Of course, this isn’t new. Peña Nieto’s weaknesses have been evident since before he was elected — for example, in an early interview when he couldn’t remember what led to the death of his first wife, or, during a candidates’ forum, his inability to cite three books that influenced him.

Mexico is now suffering the consequences of having a head of state without any sort of leadership skills. Just look at the evidence: Mexico is experiencing one of the most violent periods in its modern history; the case of 43 missing college students from Ayotzinapa remains unresolved; and many Mexicans still believe that the first lady’s purchase of a $7 million luxury home from a government contractor constitutes an appalling conflict of interest, no matter how much the administration tries to cover it up. The list goes on.

On Sept. 15, many Mexicans are staging a day of protest to demand Nieto’s resignation (the hashtag #RenunciaYa, or “resign now,” is being shared widely on Twitter). Article 86 of the Mexican Constitution states that a president should resign “for serious cause, to be determined by the Congress.” But Peña Nieto shows no sign of stepping down. Nor is there any evidence that the Mexican Congress is willing to charge him with “treason against the country or serious common-law crimes,” as provided by Article 108, which details the procedure for a president’s removal.

It’s also implausible that independent United Nations investigators might step in and look into the presidential family’s questionable property purchases, since Mexico’s political opposition is unlikely to support such a probe. After all, they themselves have their own secrets to hide.

So Peña Nieto, it seems, is here to stay.

However, the person who’s not staying is Luis Videgaray, Peña Nieto’s finance secretary and one of his closest advisers, who resigned shortly after the infamous visit. Videgaray pushed to invite Trump to Mexico because he wanted to prepare the country for the worst-case scenario: a Trump victory. “This man (Trump) could become president, and that’s where Peña Nieto had the option of doing nothing and trying a mutual-insult strategy, or seeking a dialogue,” Videgaray said in an interview before he left office. “We’ll look back on that day, if Trump is elected, and say: ‘Hey, maybe what we were criticized for, what at the time looked like a political error, maybe it was a success.’ ”

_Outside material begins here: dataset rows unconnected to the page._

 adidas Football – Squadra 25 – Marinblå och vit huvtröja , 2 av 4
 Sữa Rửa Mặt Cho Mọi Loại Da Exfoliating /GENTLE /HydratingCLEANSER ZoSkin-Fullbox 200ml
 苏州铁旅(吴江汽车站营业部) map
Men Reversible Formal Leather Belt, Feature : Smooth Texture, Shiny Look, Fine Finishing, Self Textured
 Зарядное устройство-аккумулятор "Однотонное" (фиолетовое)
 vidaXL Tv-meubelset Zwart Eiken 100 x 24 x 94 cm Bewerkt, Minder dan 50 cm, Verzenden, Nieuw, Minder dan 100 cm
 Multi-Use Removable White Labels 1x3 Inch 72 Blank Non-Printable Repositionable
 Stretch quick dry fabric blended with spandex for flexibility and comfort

The meeting was hardly a success. Videgaray and his boss believed that it was the right moment to appease Trump. But they were wrong: They should have confronted him and called out his lies. Instead, Peña Nieto’s passivity and ineptitude during the meeting — and at a humiliating press conference with Trump afterward — mirrored the image of his failed presidency. Peña Nieto was incompetent as a candidate, and he’s just as incompetent as a president.

Back in the U.S., Peña Nieto unwittingly helped Trump narrow Hillary Clinton’s lead in the polls. Less than a week after the meeting in Mexico, a CNN survey of 1,001 people showed a Trump edge, 45% to Clinton’s 43%. The results were certainly within the survey’s 3.5% margin of error, but the message was that Trump’s numbers were rising. Perhaps Trump will soon send Peña Nieto a note thanking him for the bump.

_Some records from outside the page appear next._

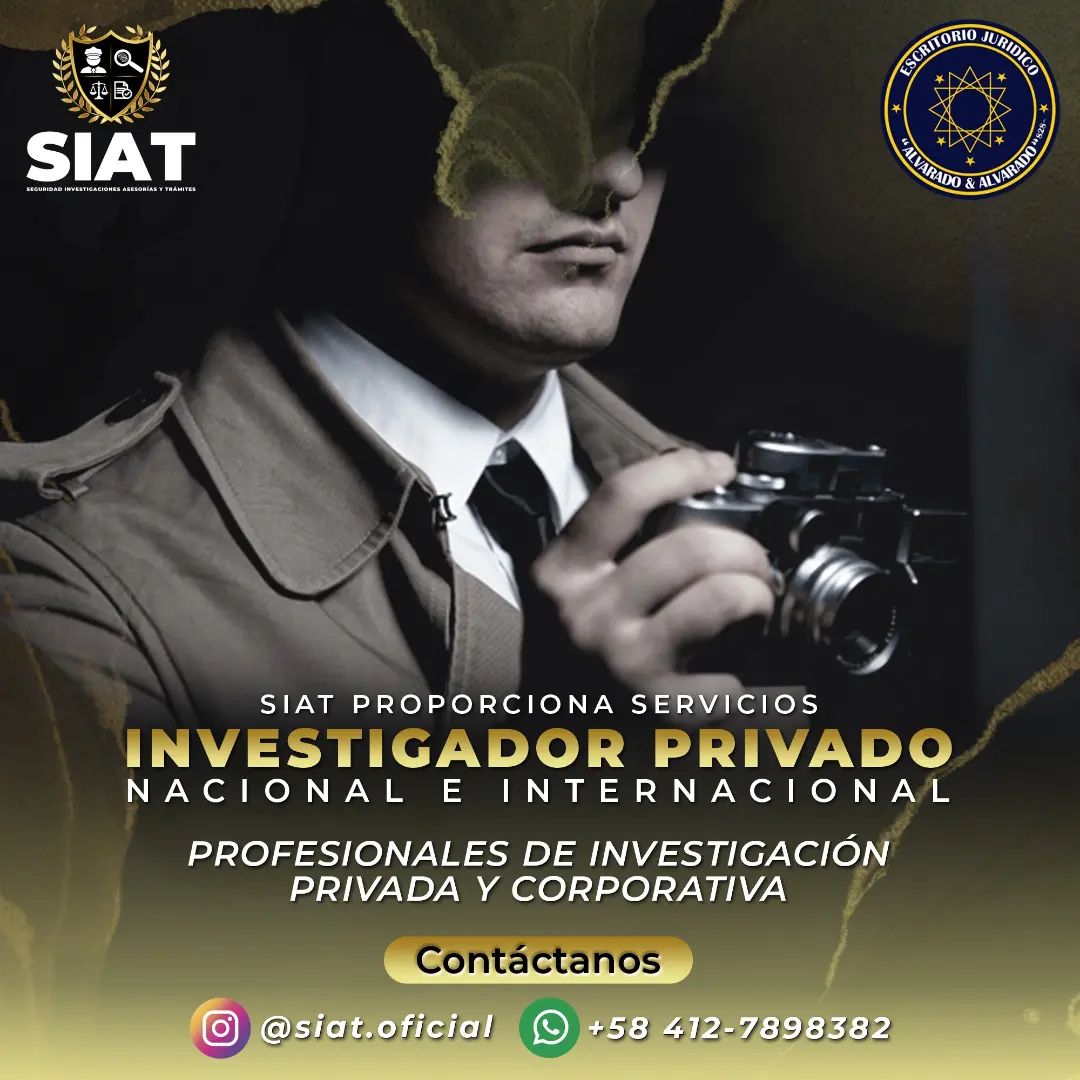 DETECTIVE INVESTIGADOR PRIVADO ABOGADO PENAL INTERNACIONAL S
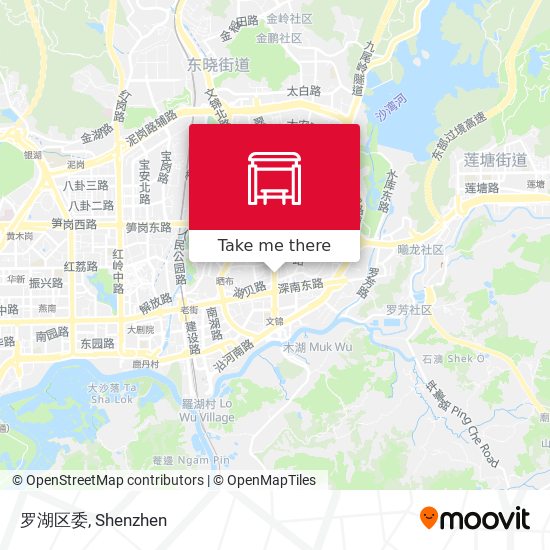 罗湖区委 map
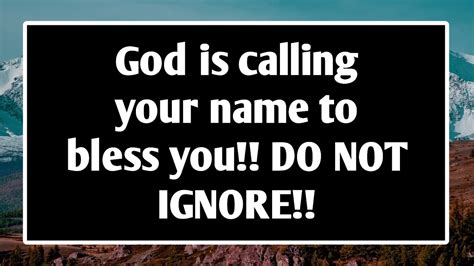 🌈 Gods Message Today 🤫🙏 God Is Calling Your Name To Bless You God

Peña Nieto, like many other world leaders, is preparing for what seemed impossible a little over one year ago: a Donald Trump presidency. We’ll see what happens — two brutal months of campaigning are ahead. What’s totally unacceptable anywhere, however, is to be a Trump appeaser like Peña Nieto.

Jorge Ramos, an Emmy Award-winning journalist, is a news anchor on Univision and the host of “America With Jorge Ramos” on Fusion. Originally from Mexico and now based in Florida, Ramos is the author of several best-selling books. His latest is “Take a Stand: Lessons From Rebels.”